Entries shown Block Start

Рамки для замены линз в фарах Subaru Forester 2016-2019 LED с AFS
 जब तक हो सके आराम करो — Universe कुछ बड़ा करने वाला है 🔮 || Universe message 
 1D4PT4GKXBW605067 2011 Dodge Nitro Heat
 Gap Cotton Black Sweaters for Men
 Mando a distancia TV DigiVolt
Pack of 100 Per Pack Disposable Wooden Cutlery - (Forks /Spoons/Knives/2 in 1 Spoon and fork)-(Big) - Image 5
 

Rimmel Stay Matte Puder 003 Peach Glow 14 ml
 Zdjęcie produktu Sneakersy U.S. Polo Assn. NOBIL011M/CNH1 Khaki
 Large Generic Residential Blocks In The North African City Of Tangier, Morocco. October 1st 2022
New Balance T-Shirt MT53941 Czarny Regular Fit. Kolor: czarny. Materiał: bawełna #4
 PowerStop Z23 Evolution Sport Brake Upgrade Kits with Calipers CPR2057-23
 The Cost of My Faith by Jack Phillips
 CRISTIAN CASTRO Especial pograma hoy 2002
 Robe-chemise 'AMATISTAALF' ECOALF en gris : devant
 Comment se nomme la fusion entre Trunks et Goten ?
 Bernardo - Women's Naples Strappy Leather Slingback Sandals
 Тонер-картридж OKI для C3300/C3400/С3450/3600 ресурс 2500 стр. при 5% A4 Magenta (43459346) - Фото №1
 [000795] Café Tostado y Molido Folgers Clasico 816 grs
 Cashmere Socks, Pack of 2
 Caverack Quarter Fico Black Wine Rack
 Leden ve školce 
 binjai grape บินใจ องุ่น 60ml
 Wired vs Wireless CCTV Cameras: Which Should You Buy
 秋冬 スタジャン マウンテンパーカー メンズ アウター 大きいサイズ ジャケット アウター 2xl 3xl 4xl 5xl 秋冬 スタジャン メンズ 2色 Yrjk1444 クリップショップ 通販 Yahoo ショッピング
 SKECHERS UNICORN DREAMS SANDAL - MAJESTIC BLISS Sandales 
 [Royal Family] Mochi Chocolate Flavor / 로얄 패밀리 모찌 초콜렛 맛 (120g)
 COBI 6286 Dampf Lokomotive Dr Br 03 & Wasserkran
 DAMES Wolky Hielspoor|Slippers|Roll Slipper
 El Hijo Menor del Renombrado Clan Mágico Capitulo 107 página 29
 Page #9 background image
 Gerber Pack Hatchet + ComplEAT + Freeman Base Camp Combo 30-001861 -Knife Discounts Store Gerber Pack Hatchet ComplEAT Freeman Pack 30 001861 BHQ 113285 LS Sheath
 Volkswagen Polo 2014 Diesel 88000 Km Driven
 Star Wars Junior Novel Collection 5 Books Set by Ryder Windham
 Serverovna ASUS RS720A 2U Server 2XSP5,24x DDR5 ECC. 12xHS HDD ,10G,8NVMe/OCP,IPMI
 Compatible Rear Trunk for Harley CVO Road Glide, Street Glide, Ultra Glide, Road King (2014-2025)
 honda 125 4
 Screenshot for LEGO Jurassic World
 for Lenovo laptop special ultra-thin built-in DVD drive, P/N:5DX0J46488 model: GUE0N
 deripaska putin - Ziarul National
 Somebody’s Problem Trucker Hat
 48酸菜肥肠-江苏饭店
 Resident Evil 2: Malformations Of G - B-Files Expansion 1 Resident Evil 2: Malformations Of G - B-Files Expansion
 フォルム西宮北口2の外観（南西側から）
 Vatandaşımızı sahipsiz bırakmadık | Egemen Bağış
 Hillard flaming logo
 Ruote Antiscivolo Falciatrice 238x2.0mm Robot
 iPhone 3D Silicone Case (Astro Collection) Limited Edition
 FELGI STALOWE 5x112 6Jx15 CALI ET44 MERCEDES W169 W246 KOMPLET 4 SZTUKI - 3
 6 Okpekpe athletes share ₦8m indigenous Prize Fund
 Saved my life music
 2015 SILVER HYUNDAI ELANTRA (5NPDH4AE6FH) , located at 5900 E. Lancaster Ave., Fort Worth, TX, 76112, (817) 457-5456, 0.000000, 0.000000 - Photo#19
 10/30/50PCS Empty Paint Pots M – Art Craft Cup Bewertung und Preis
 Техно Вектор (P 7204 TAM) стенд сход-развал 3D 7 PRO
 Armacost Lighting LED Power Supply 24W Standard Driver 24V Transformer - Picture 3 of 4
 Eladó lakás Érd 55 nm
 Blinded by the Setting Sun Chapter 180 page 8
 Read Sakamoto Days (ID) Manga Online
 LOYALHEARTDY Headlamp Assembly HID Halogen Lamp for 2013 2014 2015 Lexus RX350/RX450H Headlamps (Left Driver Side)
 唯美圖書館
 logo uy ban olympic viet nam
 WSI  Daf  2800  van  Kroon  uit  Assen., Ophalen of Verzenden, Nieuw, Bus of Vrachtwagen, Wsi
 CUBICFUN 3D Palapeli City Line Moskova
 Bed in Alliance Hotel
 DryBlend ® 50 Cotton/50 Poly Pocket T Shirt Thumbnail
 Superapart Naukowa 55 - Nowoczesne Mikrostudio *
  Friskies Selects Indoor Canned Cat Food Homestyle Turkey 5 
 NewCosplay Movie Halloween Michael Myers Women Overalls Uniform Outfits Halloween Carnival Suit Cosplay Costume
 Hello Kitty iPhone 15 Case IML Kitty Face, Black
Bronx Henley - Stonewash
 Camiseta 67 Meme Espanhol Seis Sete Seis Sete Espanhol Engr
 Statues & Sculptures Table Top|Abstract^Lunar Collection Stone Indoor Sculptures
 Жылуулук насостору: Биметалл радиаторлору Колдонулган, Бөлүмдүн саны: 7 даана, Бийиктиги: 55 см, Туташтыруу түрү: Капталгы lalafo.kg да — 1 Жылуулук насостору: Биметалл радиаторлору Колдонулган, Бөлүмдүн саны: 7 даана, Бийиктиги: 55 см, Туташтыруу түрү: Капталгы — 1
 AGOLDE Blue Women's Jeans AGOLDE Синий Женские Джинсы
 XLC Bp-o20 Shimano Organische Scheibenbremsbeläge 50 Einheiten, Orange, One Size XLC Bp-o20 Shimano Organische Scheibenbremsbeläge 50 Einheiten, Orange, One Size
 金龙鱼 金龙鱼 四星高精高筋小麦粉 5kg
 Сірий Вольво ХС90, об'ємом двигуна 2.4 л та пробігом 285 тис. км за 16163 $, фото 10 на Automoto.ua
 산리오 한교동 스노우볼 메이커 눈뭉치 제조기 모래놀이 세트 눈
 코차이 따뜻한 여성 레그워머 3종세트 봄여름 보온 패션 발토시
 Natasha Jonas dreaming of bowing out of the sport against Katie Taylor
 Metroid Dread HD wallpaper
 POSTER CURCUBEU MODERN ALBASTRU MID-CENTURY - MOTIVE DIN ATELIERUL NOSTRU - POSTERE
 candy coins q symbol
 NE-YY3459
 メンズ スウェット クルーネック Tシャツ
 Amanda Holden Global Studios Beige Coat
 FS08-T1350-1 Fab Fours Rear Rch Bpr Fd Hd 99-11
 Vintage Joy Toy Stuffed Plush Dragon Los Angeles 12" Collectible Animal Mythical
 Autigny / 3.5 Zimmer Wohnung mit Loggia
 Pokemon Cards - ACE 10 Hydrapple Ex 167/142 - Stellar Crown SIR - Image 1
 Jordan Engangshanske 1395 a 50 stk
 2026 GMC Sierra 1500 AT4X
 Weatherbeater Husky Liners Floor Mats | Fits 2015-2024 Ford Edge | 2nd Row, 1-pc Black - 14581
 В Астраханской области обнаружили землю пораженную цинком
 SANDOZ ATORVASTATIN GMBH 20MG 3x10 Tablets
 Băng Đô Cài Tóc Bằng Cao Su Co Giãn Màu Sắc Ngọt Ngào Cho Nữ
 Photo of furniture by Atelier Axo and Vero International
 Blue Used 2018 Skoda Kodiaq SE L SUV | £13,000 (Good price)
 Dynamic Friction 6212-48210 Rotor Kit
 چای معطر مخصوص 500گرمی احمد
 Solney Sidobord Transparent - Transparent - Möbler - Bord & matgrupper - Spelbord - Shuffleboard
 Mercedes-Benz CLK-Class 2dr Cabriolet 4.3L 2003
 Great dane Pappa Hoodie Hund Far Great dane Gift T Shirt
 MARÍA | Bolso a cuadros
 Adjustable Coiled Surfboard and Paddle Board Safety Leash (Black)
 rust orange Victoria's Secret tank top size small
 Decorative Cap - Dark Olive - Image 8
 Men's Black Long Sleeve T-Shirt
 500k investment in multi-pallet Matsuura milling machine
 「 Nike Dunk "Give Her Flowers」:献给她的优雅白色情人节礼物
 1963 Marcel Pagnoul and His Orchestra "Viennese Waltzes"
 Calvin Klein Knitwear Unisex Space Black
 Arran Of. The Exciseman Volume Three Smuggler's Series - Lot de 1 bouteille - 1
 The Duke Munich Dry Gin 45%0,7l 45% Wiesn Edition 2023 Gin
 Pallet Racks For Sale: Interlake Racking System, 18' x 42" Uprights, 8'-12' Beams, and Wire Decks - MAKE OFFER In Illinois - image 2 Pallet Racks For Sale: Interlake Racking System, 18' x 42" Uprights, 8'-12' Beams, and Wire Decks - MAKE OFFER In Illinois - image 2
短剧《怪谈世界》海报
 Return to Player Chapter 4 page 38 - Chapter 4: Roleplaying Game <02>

Entries shown Block End

**Instructions for the task**
Each line, beginning at the one that contains "MARÍA | Bolso a cuadros" and continuing through the end of the records, must be written out exactly, first and last included.

**Task response**
 MARÍA | Bolso a cuadros
 Adjustable Coiled Surfboard and Paddle Board Safety Leash (Black)
 rust orange Victoria's Secret tank top size small
 Decorative Cap - Dark Olive - Image 8
 Men's Black Long Sleeve T-Shirt
 500k investment in multi-pallet Matsuura milling machine
 「 Nike Dunk "Give Her Flowers」:献给她的优雅白色情人节礼物
 1963 Marcel Pagnoul and His Orchestra "Viennese Waltzes"
 Calvin Klein Knitwear Unisex Space Black
 Arran Of. The Exciseman Volume Three Smuggler's Series - Lot de 1 bouteille - 1
 The Duke Munich Dry Gin 45%0,7l 45% Wiesn Edition 2023 Gin
 Pallet Racks For Sale: Interlake Racking System, 18' x 42" Uprights, 8'-12' Beams, and Wire Decks - MAKE OFFER In Illinois - image 2 Pallet Racks For Sale: Interlake Racking System, 18' x 42" Uprights, 8'-12' Beams, and Wire Decks - MAKE OFFER In Illinois - image 2
短剧《怪谈世界》海报
 Return to Player Chapter 4 page 38 - Chapter 4: Roleplaying Game <02>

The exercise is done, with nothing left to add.